Ela relata que essa realidade ficou especialmente clara durante sua atuação como conselheira no Conselho Nacional de Justiça (CNJ), sua primeira experiência em um colegiado de maior porte. “Após algumas sessões, comecei a receber mensagens de servidores da casa se solidarizando comigo. Diziam ter notado as interrupções enquanto eu falava ou apresentava meu voto”, relembra.

Sentimento de culpa

Assim como Candice, a juíza titular da Vara Cível, de Família, Órfãos e Sucessões do Núcleo Bandeirante (atualmente convocada para atuar no Supremo Tribunal Federal), Caroline Lima também sonhava com a carreira no Ministério Público. No entanto, foi aprovada no concurso para juíza e acabou se apaixonando pela magistratura. “Hoje, não consigo me imaginar em outro lugar”, celebra.

Para Caroline, a vivência feminina é repleta de empecilhos, e no Judiciário não é diferente. “Costumo dizer que, para a mulher, tudo é mais difícil. Mesmo quando tudo parece estar indo bem, sem grandes obstáculos, carregamos desde sempre responsabilidades extras sobre o nosso corpo, a nossa imagem, as nossas escolhas. Somos constantemente cobradas, especialmente em relação à família e à maternidade”, aponta.

Ela destaca que a mulher que se ausenta de casa por motivos profissionais sofre mais do que o homem. “Sempre nos sentimos culpadas. Ficar longe dos filhos é um desafio imposto pela magistratura, e a maternidade ainda recai quase exclusivamente sobre nós”, lamenta. Ela completa afirmando que o acúmulo de responsabilidades é um dos principais fatores que dificultam o avanço na carreira.

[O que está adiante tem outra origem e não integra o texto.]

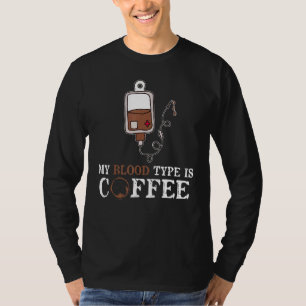 T-shirt Mon Type De Sang Est Café Infirmière Sang Infirmiè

A juíza também ressalta que, para uma mulher ocupar um espaço de poder, é preciso ser excelente. “Precisamos provar nossa competência o tempo todo. Já o homem, muitas vezes, basta ser mediano e isso é visto como suficiente. O espaço é, por padrão, dele. A mulher, por outro lado, está sempre tendo que se justificar, se afirmar e mostrar que merece estar ali. Temos que demonstrar constantemente que somos capazes, que estamos à altura”, conclui.

Mecanismos de correção

Em 2023, o Conselho Nacional de Justiça (CNJ) aprovou a Resolução nº 525/2023, com o objetivo de promover uma ação afirmativa de gênero no acesso das magistradas aos tribunais de segundo grau. A norma determina que as promoções por merecimento nos Tribunais de Justiça e Tribunais Regionais Federais devem observar a paridade de gênero.

Na prática, isso significa que as listas de juízes e juízas indicados para vagas de desembargador ou desembargadora devem garantir a alternância entre homens e mulheres, assegurando maior representatividade feminina nos espaços de poder do Judiciário.

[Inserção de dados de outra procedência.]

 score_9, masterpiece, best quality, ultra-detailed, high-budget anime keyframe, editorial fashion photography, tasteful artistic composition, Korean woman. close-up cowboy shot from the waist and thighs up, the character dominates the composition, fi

A ideia central é corrigir, por meio de mecanismos objetivos, um desequilíbrio histórico e reforçar a importância de se promover um Judiciário mais diverso e representativo. “Mais do que uma medida pontual, essa resolução sinaliza um compromisso institucional com a paridade e com a valorização da diversidade. Não se trata de privilégio, mas de justiça histórica. O que a norma faz é abrir caminhos que, por muito tempo, foram fechados ou estreitados”, destaca a juíza Rejane Jungbluth Suxberger.

Em concordância, a juíza Caroline Lima afirma: “É importante dizer que a resolução não é um ‘benefício’ para as mulheres, e, sim, um benefício para a sociedade”. De acordo com a magistrada, o Judiciário, que decide os problemas da sociedade, precisa representar essa sociedade.

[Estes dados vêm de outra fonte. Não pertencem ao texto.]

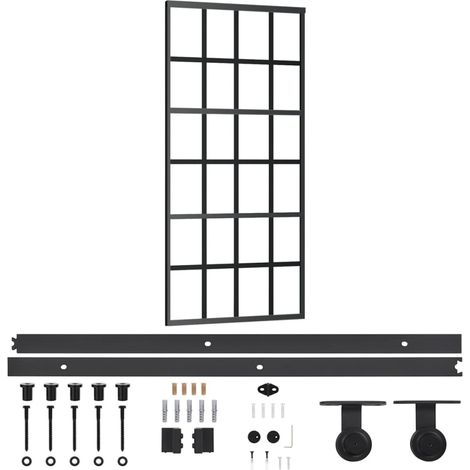 Maison Exclusive - Schiebetür mit Beschlag ESG-Glas & Aluminium 9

“A pergunta que devemos nos fazer é: sem mulheres nesses espaços, sem diversidade, será que estamos verdadeiramente representados? Essa discussão não pode ser tratada como privilégio ou favorecimento. Trata-se de garantir legitimidade, de fazer com que a Justiça seja um espelho fiel da sociedade”, destaca.

A resolução já começa a dar seus primeiros frutos. Um exemplo, ressaltado pela desembargadora Candice Jobim, é o da juíza federal Gisele Chaves Sampaio Alcântara, nomeada pela Presidência da República como nova desembargadora federal do Tribunal Regional Federal da 5ª Região (TRF5).

“Nessa região, nunca antes uma juíza havia chegado ao tribunal. Até o ano passado. É quase inacreditável pensar que, em uma carreira tão extensa como a da magistratura, nenhuma mulher tenha sido considerada apta para ocupar um cargo no segundo grau. Foi apenas após a determinação do CNJ que essa realidade começou a mudar”, celebra.